Title: Advanced Graph-Based Techniques with Applications in Dimensionality Reduction 
Time: November 8, Friday, at 12:00 PM
Location:  Soderberg Lecture Hall, Jenness Hall, University of Maine
Several machine learning algorithms to classify a big data sample into multiple classes have been proposed in the past. In a multi-class classification problem, we train a classifier using our training instances and apply this classifier for labeling new data. As a part of the process, training a classifier requires complicated high-dimensional computations. Among machine learning techniques for big data, feature selection as a dimensionality reduction method seeks a curated subset of available features such that they contain sufficient discriminative information for a given learning task. In feature selection method, the dependency between a pair of multivariate random variables is adopted to retain relevant features. In this talk, a new graph-based dependency criterion inspired by the geometry of graphs and information-theoretic measures is proposed to estimate relevancy between multi-labels variables.

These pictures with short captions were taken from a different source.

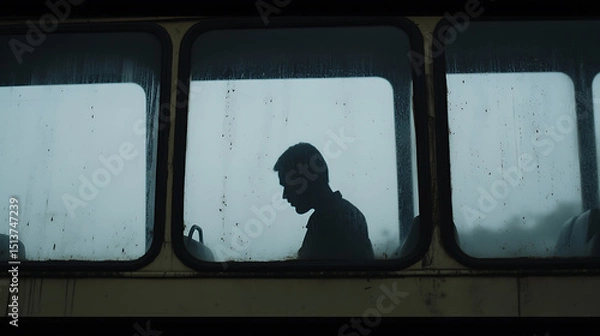 Fototapeta A silhouette of a person is cast through rain-streaked windows, creating a somber, introspective atmosphere. Gloomy weather outside enhances the mood.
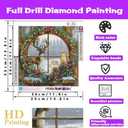 2 x Christmas Deer Diamond Paintings Kits for Adults, Christmas Scenery Diamond Art Kits Full Drill Diamond Dots Paint with Diamonds Candle Gem Arts and Crafts for Beginner Adults Home Wall Decor (ZL019)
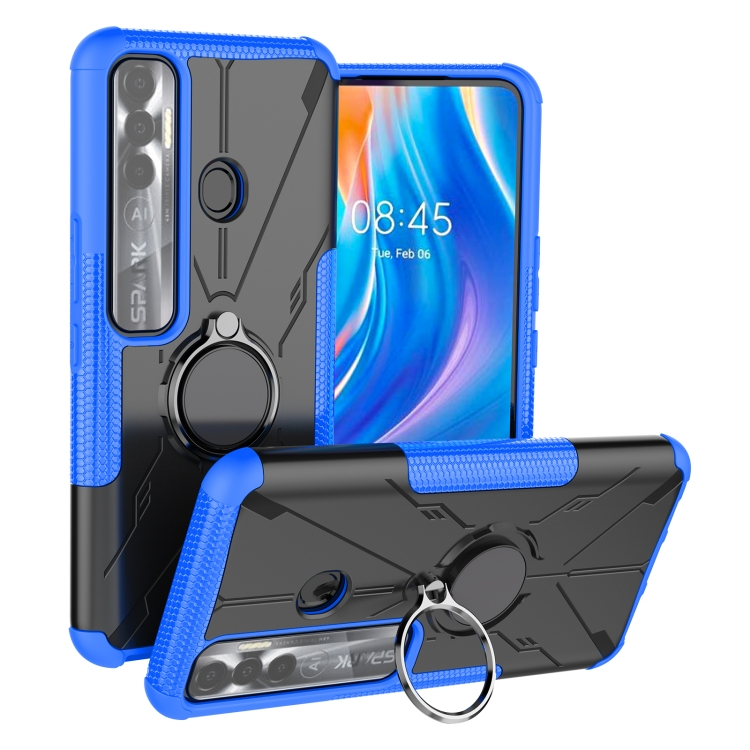 

For Tecno Spark 7 Pro Armor Bear Shockproof PC + TPU Phone Protective Case with Ring Holder(Blue)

Furthermore, a novel feature selection algorithm based on the graph-based dependency criterion is introduced. The proposed technique uses conditional graph-based dependency to measure feature relevance and maintain a feature subset with relatively high classification performance. The advantages of the proposed approach are demonstrated in a series of simulations. This approach results in an efficient and fast non-parametric implementation of dependency estimation and dimensionality reduction with broad applications in modern real-world problems. In this work, the proposed technique is applied to several real-world data sets to filter out redundant features by highlighting how our approach achieves higher prediction performance than baselines.